Yingzhong Tian, Heru Suwoyo, Wenbin Wang, Dziki Mbemba, Long Li, An AEKF-SLAM Algorithm with Recursive Noise Statistic Based on MLE and EM, Journal of Intelligent & Robotic Systems (2020) 97:339–355, DOI: 10.1007/s10846-019-01044-8.
Extended Kalman Filter (EKF) has been popularly utilized for solving Simultaneous Localization and Mapping (SLAM)
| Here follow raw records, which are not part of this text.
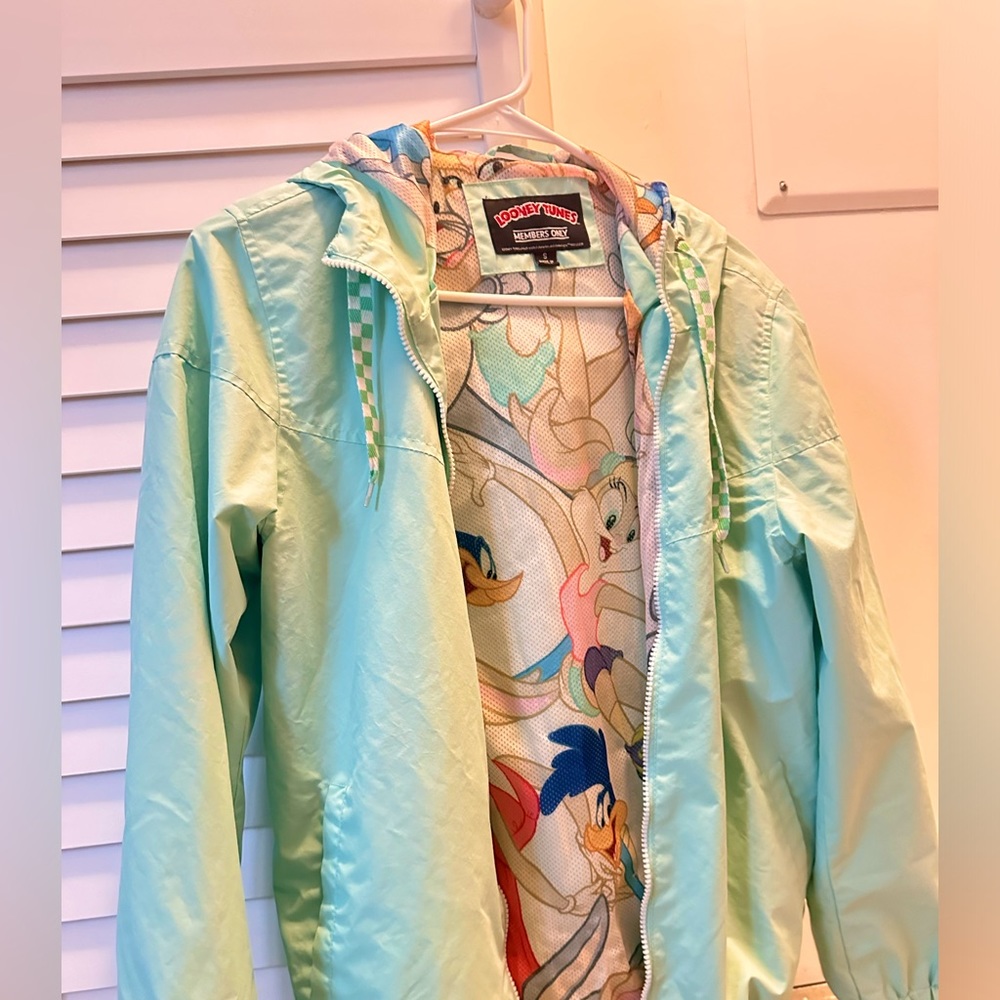 RARE! Members Only Looney Tunes Windbreaker. Like new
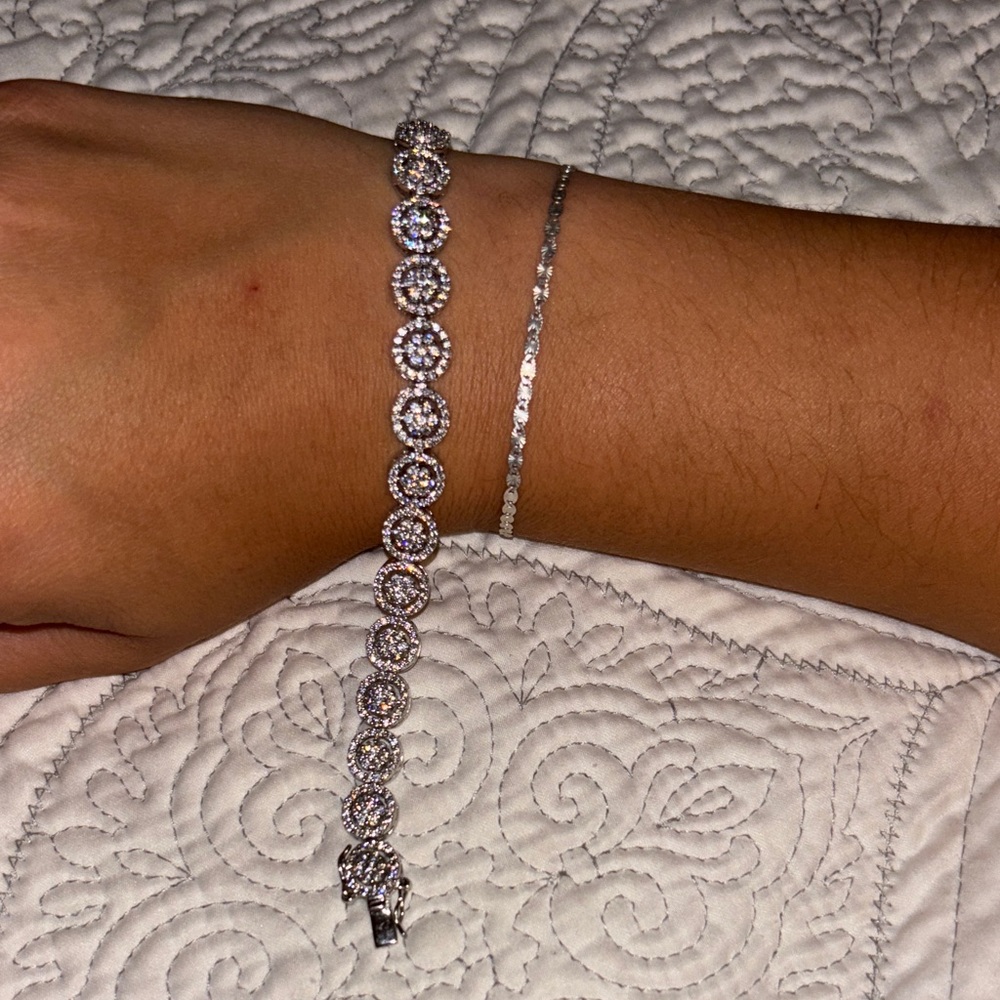 Dazzling Silver Bracelet with Crystal Details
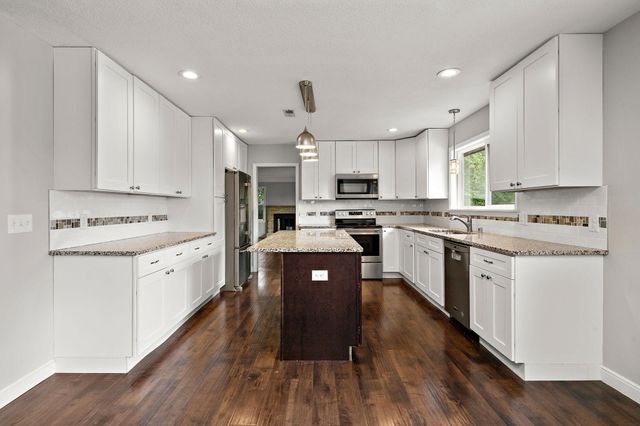 30 Woodridge Lane, Sunfish Lake, MN 55077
problem. Essentially, it requires the accurate system model and known noise statistic. Nevertheless, this condition can
be satisfied in simulation case. Hence, EKF has to be enhanced when it is applied in the real-application. Mainly, this
improvement is known as adaptive-based approach. In many different cases, it is indicated by some manners of estimating
for either part or full noise statistic. This paper present a proposed method based on the adaptive-based solution used for
improving classical EKF namely An Adaptive Extended Kalman Filter. Initially, the classical EKF was improved based on
Maximum Likelihood Estimation (MLE) and Expectation-Maximization (EM) Creation. It aims to equips the conventional
EKF with ability of approximating noise statistic and its covariance matrices recursively. Moreover, EKF was modified and
improved to tune the estimated values given by MLE and EM creation. Besides that, the recursive noise statistic estimators
were also estimated based on the unbiased estimation. Although it results high quality solution but it is followed with some
risks of non-positive definite matrices of the process and measurement noise statistic covariances. Thus, an addition of
Innovation Covariance Estimation (ICE) was also utilized to depress this possibilities. The proposed method is applied for
solving SLAM problem of autonomous wheeled mobile robot. Henceforth, it is termed as AEKF-SLAM Algorithm. In order
to validate the effectiveness of proposed method, some different SLAM-Based algorithm were compared and analyzed.
The different simulation has been showing that the proposed method has better stability and accuracy compared to the
conventional filter in term of Root Mean Square Error (RMSE) of Estimated Map Coordinate (EMC) and Estimated Path
Coordinate (EPC).